もはや次元の違う世界。数字に見る岩隈久志のすごさ

  • 福島良一●解説 analysis by Fukushima Yoshikazu photo by AFLO

 WHIPの計算方式を見ても分かるとおり、低い数値を残すためには、いかにフォアボールを出さないかが重要となります。岩隈投手が9イニングで与えたフォアボールの平均数は、メジャートップの0.78個。149イニング3分の1を投げて、わずか13個しかフォアボールを出していないのです。昨シーズン、岩隈投手が残した与四球率はア・リーグ3位の1.72個。これも十分にすごい数字なのですが、今シーズンはまた一段とコントロールに磨きがかかったと思います。

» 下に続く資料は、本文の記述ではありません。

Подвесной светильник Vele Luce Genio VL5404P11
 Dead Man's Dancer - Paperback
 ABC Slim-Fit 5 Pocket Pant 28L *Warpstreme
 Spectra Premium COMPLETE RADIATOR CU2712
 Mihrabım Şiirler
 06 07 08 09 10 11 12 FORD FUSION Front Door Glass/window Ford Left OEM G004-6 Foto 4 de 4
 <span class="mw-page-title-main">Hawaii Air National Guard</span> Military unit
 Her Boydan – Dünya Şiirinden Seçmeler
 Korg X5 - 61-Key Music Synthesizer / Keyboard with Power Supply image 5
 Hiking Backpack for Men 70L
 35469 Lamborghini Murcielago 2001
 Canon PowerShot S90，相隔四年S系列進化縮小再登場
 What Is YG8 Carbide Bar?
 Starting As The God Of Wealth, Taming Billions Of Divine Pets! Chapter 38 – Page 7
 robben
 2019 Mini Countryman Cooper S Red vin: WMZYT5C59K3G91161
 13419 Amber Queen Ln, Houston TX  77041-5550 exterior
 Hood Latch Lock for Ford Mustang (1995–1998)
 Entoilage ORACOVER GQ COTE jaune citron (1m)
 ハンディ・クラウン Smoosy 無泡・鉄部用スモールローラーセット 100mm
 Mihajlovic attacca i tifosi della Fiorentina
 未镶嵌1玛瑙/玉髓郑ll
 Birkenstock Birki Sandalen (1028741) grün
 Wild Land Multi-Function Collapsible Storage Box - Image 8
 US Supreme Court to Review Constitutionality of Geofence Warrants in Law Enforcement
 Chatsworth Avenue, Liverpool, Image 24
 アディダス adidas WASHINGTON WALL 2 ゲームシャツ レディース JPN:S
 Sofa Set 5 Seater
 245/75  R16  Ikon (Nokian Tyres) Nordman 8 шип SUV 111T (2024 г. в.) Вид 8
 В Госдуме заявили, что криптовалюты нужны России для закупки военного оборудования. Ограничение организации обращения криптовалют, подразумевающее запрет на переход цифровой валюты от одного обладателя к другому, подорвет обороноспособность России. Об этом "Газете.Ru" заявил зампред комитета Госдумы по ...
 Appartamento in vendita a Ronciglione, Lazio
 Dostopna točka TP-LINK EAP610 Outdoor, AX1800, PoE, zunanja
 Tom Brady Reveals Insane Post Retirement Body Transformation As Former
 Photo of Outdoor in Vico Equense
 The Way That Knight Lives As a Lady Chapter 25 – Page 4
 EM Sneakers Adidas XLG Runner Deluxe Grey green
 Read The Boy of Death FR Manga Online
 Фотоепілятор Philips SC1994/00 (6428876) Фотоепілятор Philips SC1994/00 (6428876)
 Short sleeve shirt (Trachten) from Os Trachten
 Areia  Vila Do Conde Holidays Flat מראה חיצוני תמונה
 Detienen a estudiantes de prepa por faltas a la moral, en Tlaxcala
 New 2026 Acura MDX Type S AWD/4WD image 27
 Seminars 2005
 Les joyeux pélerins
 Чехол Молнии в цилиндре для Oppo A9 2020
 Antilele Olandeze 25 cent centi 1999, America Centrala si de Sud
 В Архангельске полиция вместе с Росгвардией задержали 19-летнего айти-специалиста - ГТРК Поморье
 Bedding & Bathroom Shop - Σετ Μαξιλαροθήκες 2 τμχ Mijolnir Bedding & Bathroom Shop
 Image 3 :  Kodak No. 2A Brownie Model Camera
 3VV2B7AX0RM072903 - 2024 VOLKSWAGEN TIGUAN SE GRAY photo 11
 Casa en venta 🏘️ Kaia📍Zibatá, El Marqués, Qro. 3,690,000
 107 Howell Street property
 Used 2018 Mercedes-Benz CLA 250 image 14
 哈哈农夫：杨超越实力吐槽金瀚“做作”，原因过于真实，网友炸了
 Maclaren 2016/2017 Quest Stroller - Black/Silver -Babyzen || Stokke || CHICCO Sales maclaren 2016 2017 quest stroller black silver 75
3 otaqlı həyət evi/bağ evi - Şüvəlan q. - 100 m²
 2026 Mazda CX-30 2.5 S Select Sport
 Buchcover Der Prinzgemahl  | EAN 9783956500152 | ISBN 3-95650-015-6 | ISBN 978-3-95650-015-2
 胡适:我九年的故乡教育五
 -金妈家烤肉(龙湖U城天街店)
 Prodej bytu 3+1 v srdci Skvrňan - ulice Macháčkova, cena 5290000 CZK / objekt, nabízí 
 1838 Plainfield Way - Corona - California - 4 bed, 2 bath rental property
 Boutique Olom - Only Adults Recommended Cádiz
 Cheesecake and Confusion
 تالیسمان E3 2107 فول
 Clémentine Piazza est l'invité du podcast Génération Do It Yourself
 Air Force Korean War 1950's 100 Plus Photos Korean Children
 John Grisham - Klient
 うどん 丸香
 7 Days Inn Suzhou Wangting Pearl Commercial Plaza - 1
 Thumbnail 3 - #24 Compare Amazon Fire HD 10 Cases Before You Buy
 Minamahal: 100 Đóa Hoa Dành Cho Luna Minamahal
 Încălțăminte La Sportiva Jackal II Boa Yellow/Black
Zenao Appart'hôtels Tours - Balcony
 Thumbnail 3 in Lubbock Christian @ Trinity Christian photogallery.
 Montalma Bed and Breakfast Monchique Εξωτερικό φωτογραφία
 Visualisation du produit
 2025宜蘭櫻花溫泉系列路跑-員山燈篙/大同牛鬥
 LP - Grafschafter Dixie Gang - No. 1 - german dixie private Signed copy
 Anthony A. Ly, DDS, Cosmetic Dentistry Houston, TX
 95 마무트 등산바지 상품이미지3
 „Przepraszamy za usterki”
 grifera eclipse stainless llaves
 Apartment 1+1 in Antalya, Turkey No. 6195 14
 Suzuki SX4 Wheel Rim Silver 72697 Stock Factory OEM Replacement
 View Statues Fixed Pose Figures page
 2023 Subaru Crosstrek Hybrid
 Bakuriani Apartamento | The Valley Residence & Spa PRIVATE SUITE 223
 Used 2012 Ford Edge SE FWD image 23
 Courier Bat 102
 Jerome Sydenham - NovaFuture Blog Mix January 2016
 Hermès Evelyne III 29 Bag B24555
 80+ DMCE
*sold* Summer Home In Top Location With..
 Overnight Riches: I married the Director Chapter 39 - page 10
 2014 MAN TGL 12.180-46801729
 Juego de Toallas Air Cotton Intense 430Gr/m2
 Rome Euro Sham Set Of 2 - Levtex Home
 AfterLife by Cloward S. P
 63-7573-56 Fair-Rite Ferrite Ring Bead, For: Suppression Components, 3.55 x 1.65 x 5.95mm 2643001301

 平均的な投手が与えるフォアボールの数は9イニングあたり約3個で、2個以下は優秀と言われています。ましてや1個以下というのは、信じられない数字です。今シーズン、平均1個未満を記録しているのは、岩隈投手とミネソタ・ツインズのフィル・ヒューズ(0.82個)のふたりだけ。このままの数値をキープできれば、1998年にジェイミー・モイヤーという左投手がマークしたマリナーズの球団記録(1.61個)を塗り替えることになるでしょう。

 またアメリカでは、与四球と奪三振との比率もピッチャーを評価する基準として用いられます。今シーズンの岩隈投手は、1個のフォアボールに対して9.31奪三振(メジャー2位)。今シーズンはフォアボールを13個しか与えていないのに、すでに121個もの三振を奪っています。平均的なピッチャーは、1個のフォアボールに対して2~3個の三振を奪うぐらいの比率(2.00~3.00)です。岩隈投手の9.31奪三振との差は歴然で、すでに次元が違います。

 特に7月1日から24日まで、岩隈投手は「5先発試合・連続無四球」という球団新記録を樹立しました。この期間、35イニング3分の2連続無四球という記録も残しましたが、これは2010年7月にクリフ・リー(現フィラデルフィア・フィリーズ)がマークした38イニングに次ぐ球団史上2番目の記録なのです。

 フォアボールが少なければ、もちろん球数も少なくなります。今シーズンの岩隈投手は現在、メジャー2位の1イニング平均13.76球しか投げていません。メジャーの平均は1イニング15球と言われています。となると、6イニングを投げると90球、7イニングだと105球になる計算なので、そのあたりで投手を交代させるのが一般的でしょう。しかし、岩隈投手が100球まで投げるのなら、8回途中まで引っ張ることができるのです。